» **Work request**
Records follow. Print exactly the lines from the one that has "Berlin Paternoster Todesfall: Jetzt" through the one that has "Tủ cao an toàn chống cháy 2 cửa Ecosafe 765+900E 4", inclusive, and omit the pictures.

» **Material supplied**
BEGIN
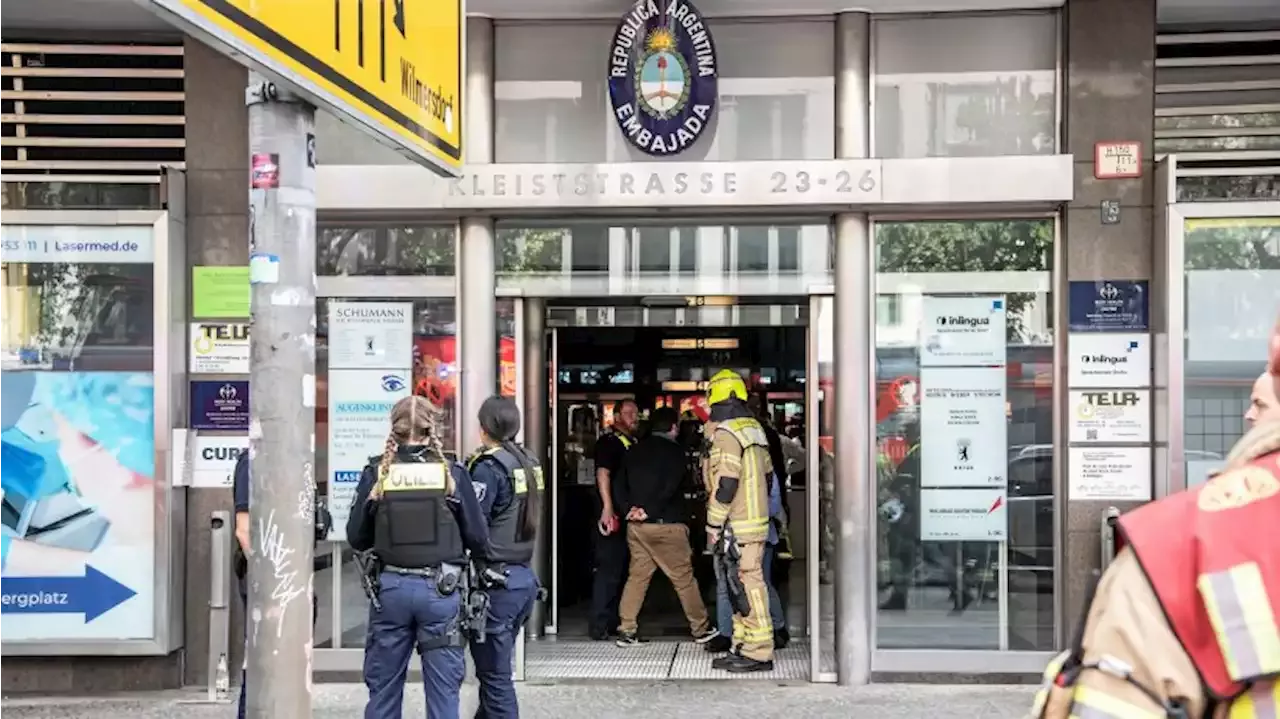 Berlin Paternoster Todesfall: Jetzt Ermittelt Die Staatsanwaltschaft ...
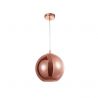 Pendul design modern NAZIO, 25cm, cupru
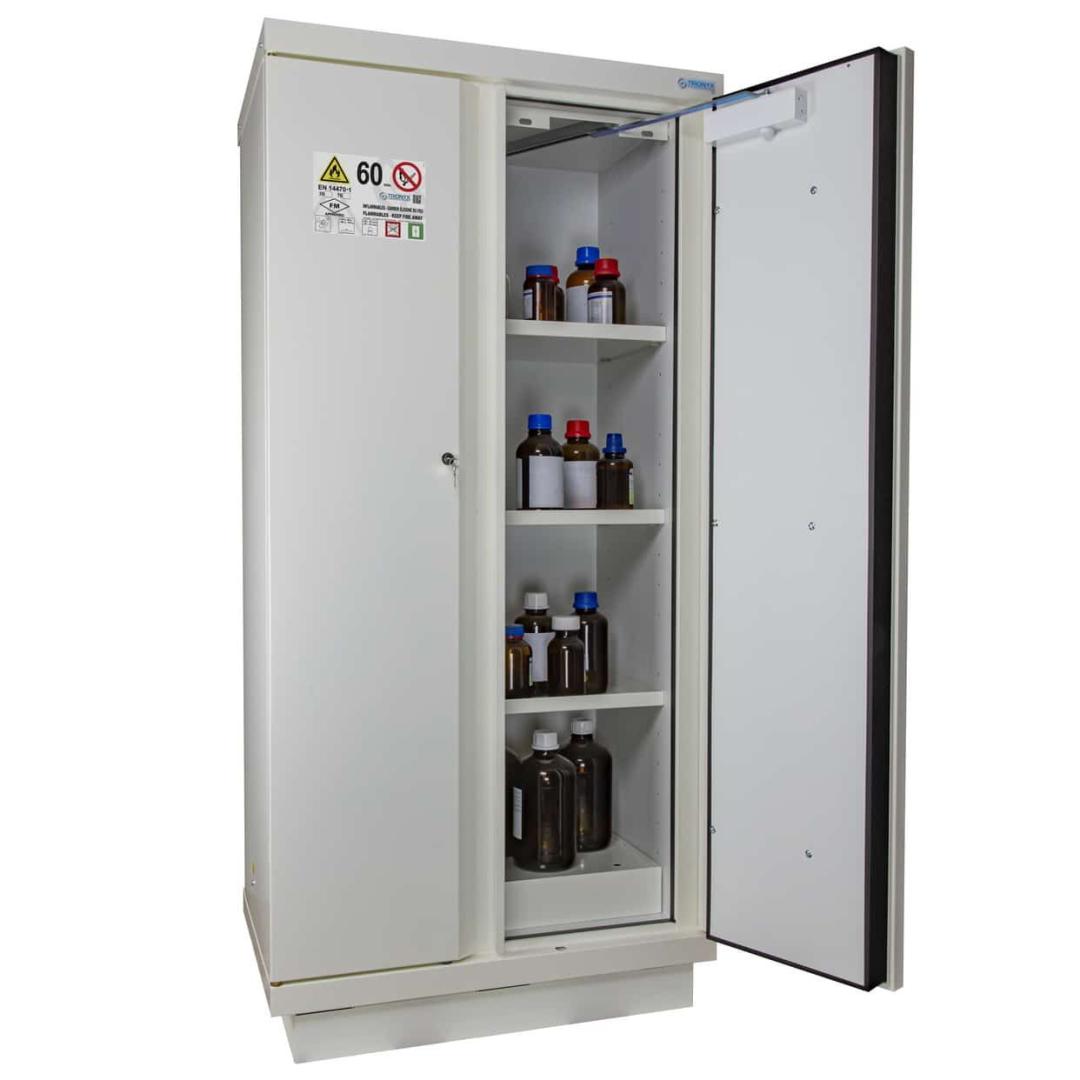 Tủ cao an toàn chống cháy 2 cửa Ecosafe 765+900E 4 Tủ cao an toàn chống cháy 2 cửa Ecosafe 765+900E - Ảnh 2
END
BEGIN
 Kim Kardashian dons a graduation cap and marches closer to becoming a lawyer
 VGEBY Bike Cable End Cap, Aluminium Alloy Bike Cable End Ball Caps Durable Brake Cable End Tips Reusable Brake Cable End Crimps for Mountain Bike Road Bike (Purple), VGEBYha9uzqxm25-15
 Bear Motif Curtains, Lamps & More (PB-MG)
END
» **Solution for this exercise**
 Berlin Paternoster Todesfall: Jetzt Ermittelt Die Staatsanwaltschaft ...
 Pendul design modern NAZIO, 25cm, cupru
 Tủ cao an toàn chống cháy 2 cửa Ecosafe 765+900E 4 Tủ cao an toàn chống cháy 2 cửa Ecosafe 765+900E - Ảnh 2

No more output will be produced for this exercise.